I didn't get the job. So no visa for me. My husband is hoping to hear back about a job soon. But it would be a 457 visa. Permanent residency application after 6 months. Good luck Amelee.


----------



## syncsam (Feb 5, 2009)

amelee said:


> Hi there,
> 
> I have emailed & asked my employer on updates 2 weeks ago, but unfortunately none.
> 
> ...


Yah, I am also waiting for the reply from my employer


----------



## syncsam (Feb 5, 2009)

canadiangal75 said:


> I didn't get the job. So no visa for me. My husband is hoping to hear back about a job soon. But it would be a 457 visa. Permanent residency application after 6 months. Good luck Amelee.


Sorry to hear about that. Good luck to your husband!


----------



## syncsam (Feb 5, 2009)

Hi Amelee,

Any news from your employer? 

Btw i can't PM you, I don't know why.


----------



## amelee (Dec 7, 2008)

hi,
my nomination has been approved last week. i am told by my employer to lodge my visa with 47es as soon as possible. what about yourself? are we in the same boat?

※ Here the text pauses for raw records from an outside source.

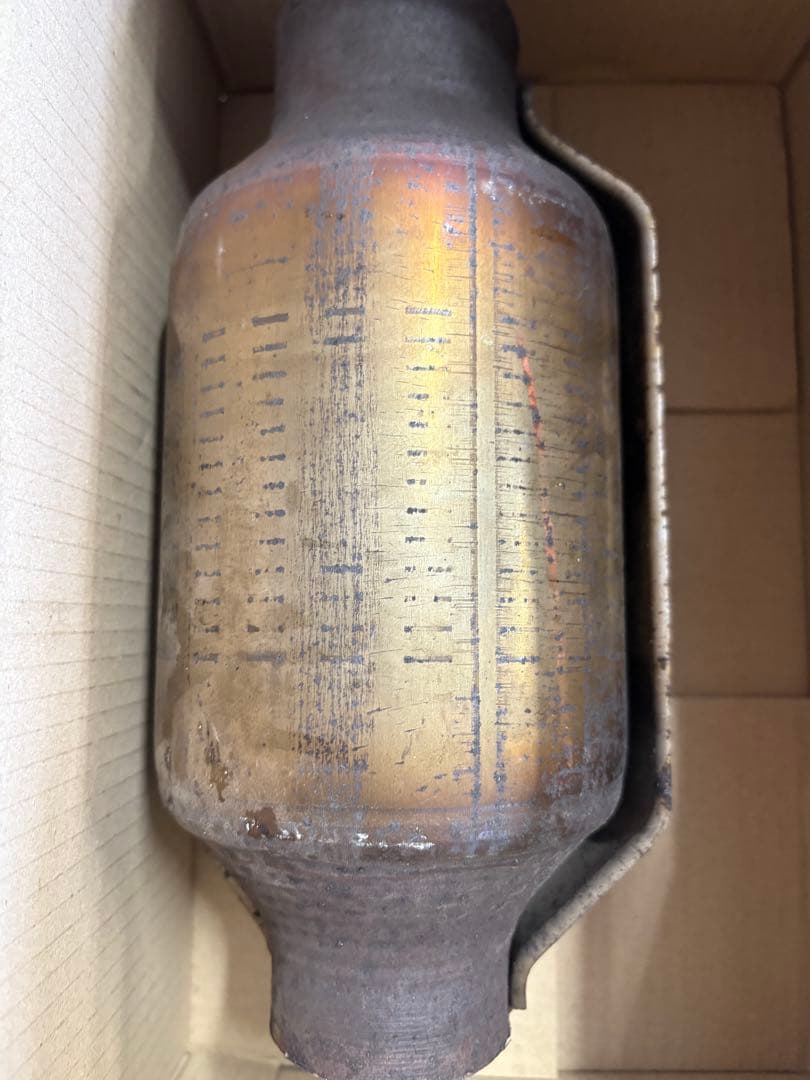 触媒 キャタライザー 50プリウス 刻印 TL2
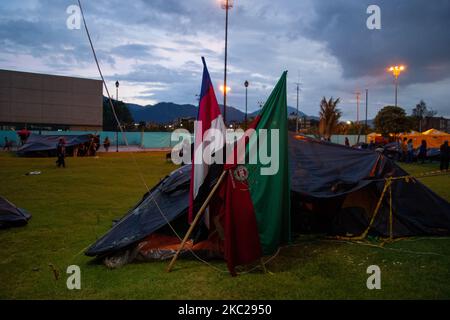 I membri indigeni del CRIC e di altre associazioni indigene della Colombia si accampano a "El Palacio de los Deportes" dopo una settimana di viaggio sulle strade colombiane per protestare contro le assasinazioni dei leader sociali, i massacri nel paese, E l'attuazione del processo di pace, a Bogotà, Colombia, 20 ottobre 2020. I leader indigeni hanno tenuto conferenze stampa insieme agli orginizzatori dello sciopero nazionale per mostrare sostegno alle manifestazioni che si svolgano in città il 21 ottobre. (Foto di Sebastian Barros/NurPhoto) Foto Stock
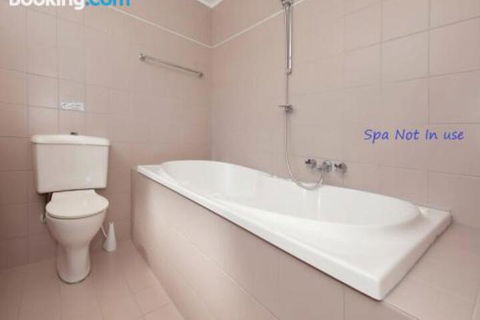 Le Vogue Unit 12 16 Magnus Street - Darwin Holiday 1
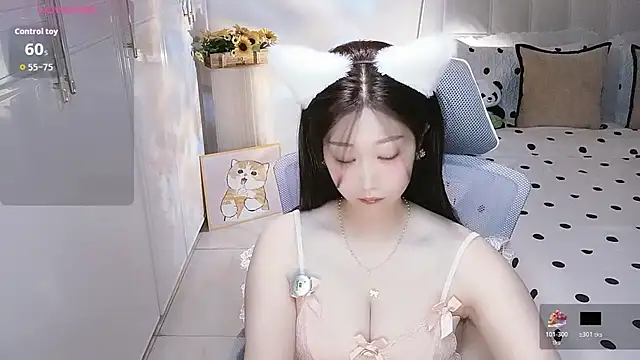 Angelucky- online show from August 6, 7:27 pm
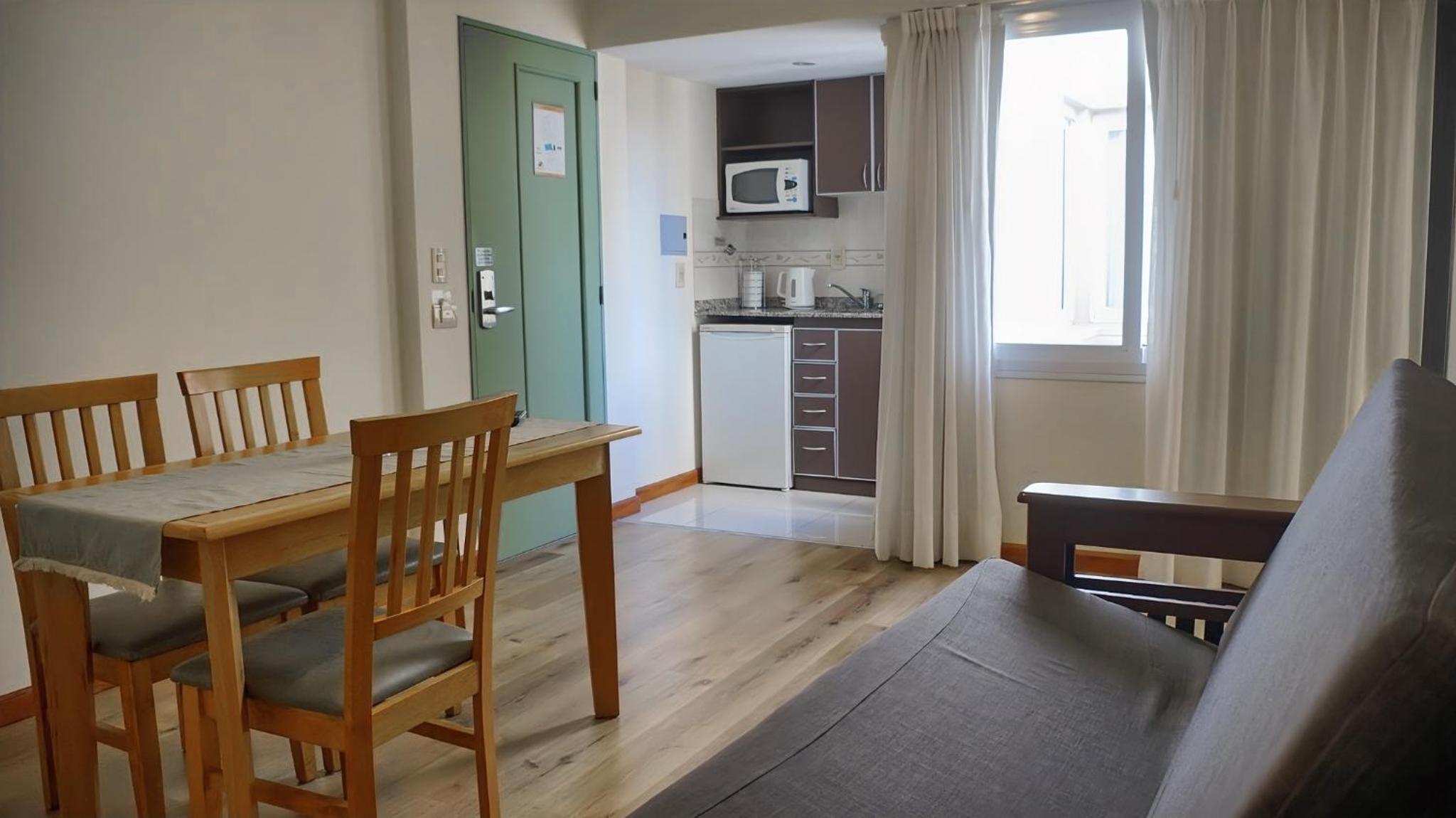 Studio Apartment (3 Adults)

my PM worked with someone else, i'm not sure why it ain't working when you PM...


----------



## babyoven (Jan 7, 2009)

*Rsms 119*

Hi all I too am applying under the elusive RSMS 119 visa. I have to get my skills recognised prior to getting a formal job offer though so not actually applied yet. Will keep you posted on how things go!


----------